Running curl http://localhost:8983/solr/test/config returns a JSON object. Here's a portion of it:

{
...
    "updateRequestProcessorChain":[{
    "name":"add-unknown-fields-to-the-schema",
    "":[{"class":"solr.UUIDUpdateProcessorFactory"},
      {"class":"solr.LogUpdateProcessorFactory"},
      {"class":"solr.DistributedUpdateProcessorFactory"},
      {"class":"solr.RemoveBlankFieldUpdateProcessorFactory"},
      {
        "class":"solr.FieldNameMutatingUpdateProcessorFactory",
        "pattern":"[^\\w-\\.]",
        "replacement":"_"},
      {"class":"solr.ParseBooleanFieldUpdateProcessorFactory"},
      {"class":"solr.ParseLongFieldUpdateProcessorFactory"},
      {"class":"solr.ParseDoubleFieldUpdateProcessorFactory"},
      {"class":"solr.ParseDateFieldUpdateProcessorFactory"},
      {"class":"solr.AddSchemaFieldsUpdateProcessorFactory"},
      {"class":"solr.RunUpdateProcessorFactory"}]}],
...
}

This means that solr.ParseDateFieldUpdateProcessorFactory is a type of updateRequestProcessorChain. The documentation states:

The Config API does not let you create or edit <updateRequestProcessorChain> elements. However, it is possible to create <updateProcessor> entries and can use them by name to create a chain.

This means that it's not possible to add a specific date format to the existing solr.ParseDateFieldUpdateProcessorFactory using Config API. I should create a custom update processor that does what I want, and so use the add-updateprocessor API with proper parameters.


Solution

  • After struggling on the horrific Solr documentation, I found a solution. The documentation states:

    The Config API does not let you create or edit <updateRequestProcessorChain> elements.

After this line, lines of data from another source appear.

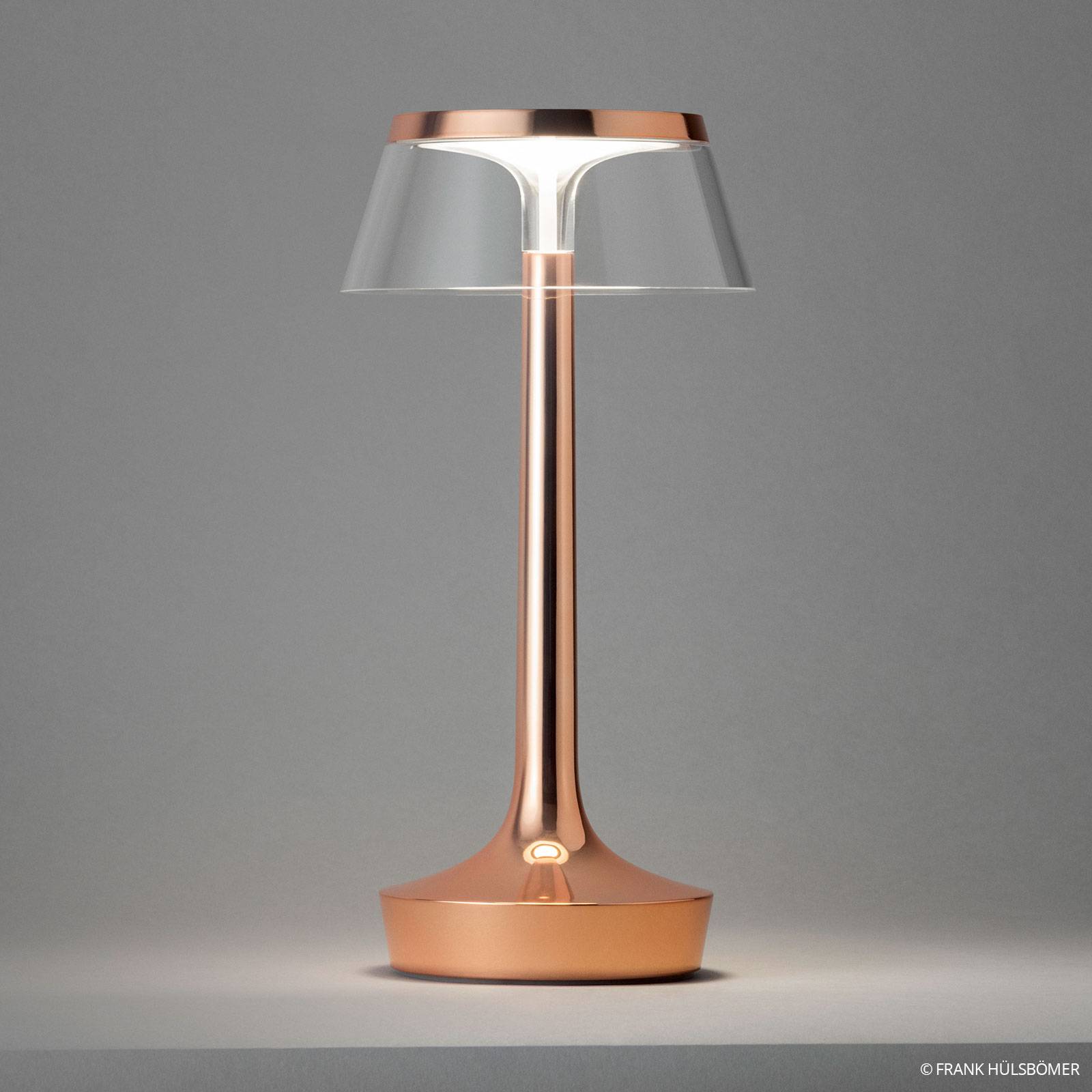 Flos Bon Jour unplugged lampa stołowa LED, miedź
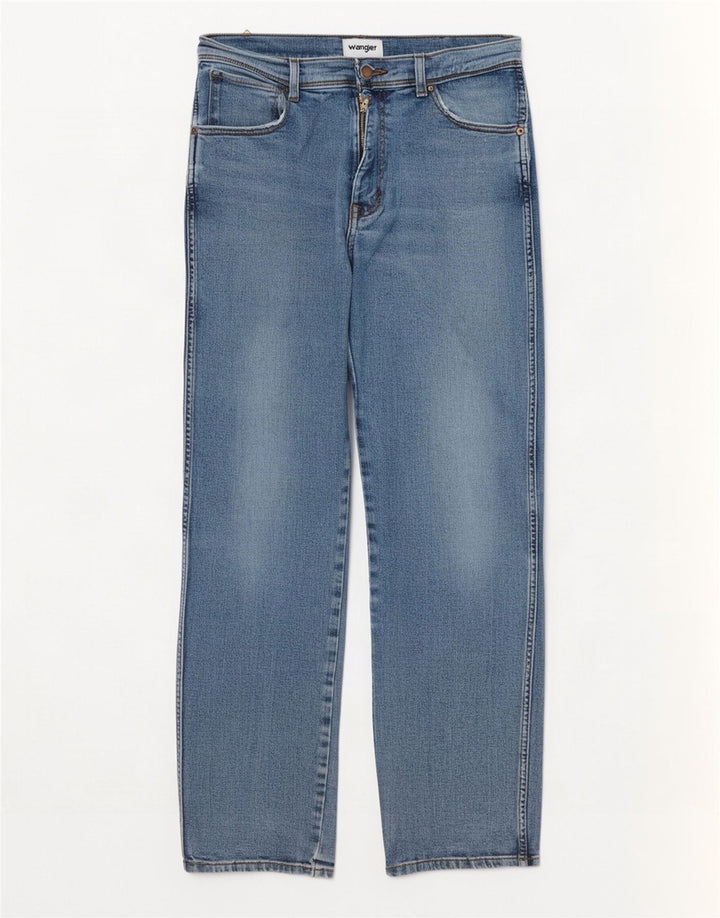 Wrangler Mens Texas Straight Jeans W33 L32 Blue Cotton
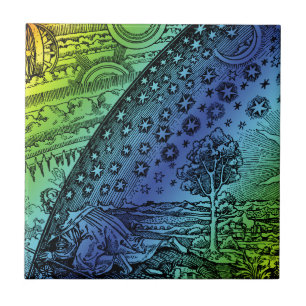 Flammarion Heaven and Earth Gravur Artwork Fliese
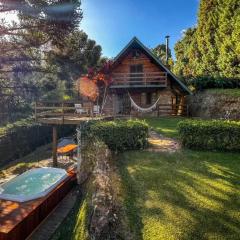 Chalé São Bernardo - banheira de hidromassagem privativa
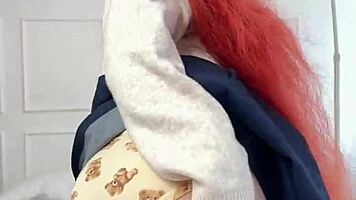 harsh private spanking leaves redhead begging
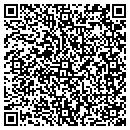 QR code with P & B Fabrics Inc contacts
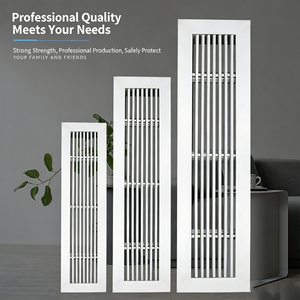 <span class=keywords><strong>Grille</strong></span> de <span class=keywords><strong>ventilation</strong></span> <span class=keywords><strong>rectangulaire</strong></span> en alliage d'aluminium moderne haut de gamme, personnalisée en usine, pour CVC, <span class=keywords><strong>grille</strong></span> de <span class=keywords><strong>ventilation</strong></span> linéaire 4x10 - Product Image 3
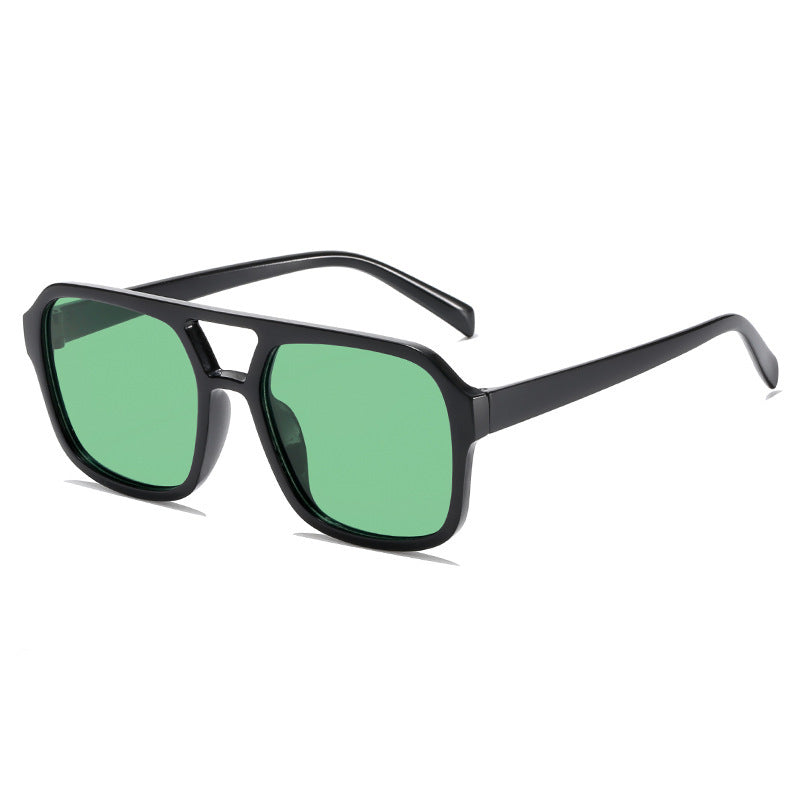 Klare Linse Quadratrahmen Sonnenbrille Brehn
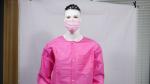 Disposable Nonwoven Waterproof blood proof SMS Spunlance Lab Jacket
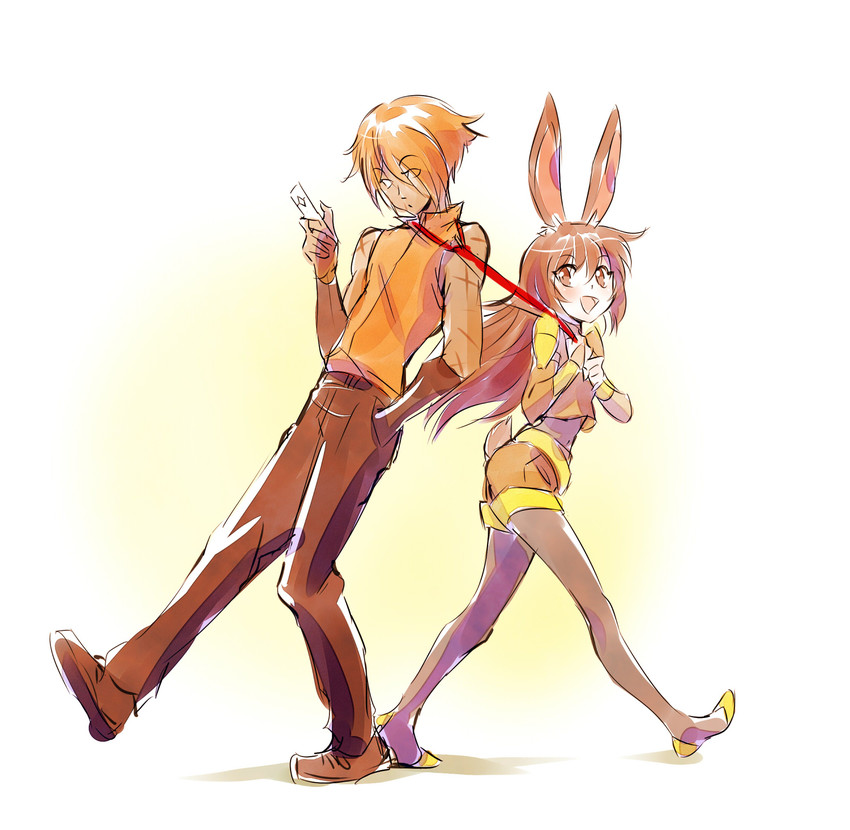 velvet scarlatina and fox alistair (rwby and 1 more) drawn by iesupa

However, it is possible to create <updateProcessor> entries and can use them by name to create a chain.

    [ ... ]

    You can use this directly in your request by adding a parameter in the <updateRequestProcessorChain> for the specific update processor called processor=firstFld.

    This means that I have to add a custom update processor and invoke it explicitly when using the /update handler. So:

    curl http://localhost:8983/solr/test/config -H 'Content-type:application/json' -d '
    {
      "add-updateprocessor" : 
      {
        "name" : "myCustomDateUpdateProcessor", 
        "class": "solr.ParseDateFieldUpdateProcessorFactory", 
        "format":["dd/MM/yyyy"]
      }
    }'
    

    To load the data into test collection via the /update/csv handler, use this command:

    curl http://localhost:8983/solr/test/update/csv?processor=myCustomDateUpdateProcessor&commit=true --data-binary @file.csv -H 'Content-type:text/plain; charset=utf-8'
    

    Note the presence of processor=myCustomDateUpdateProcessor, where myCustomDateUpdateProcessor is the update processor I created before. The processor is stored in configoverlay.json and not in solrconfig.xml.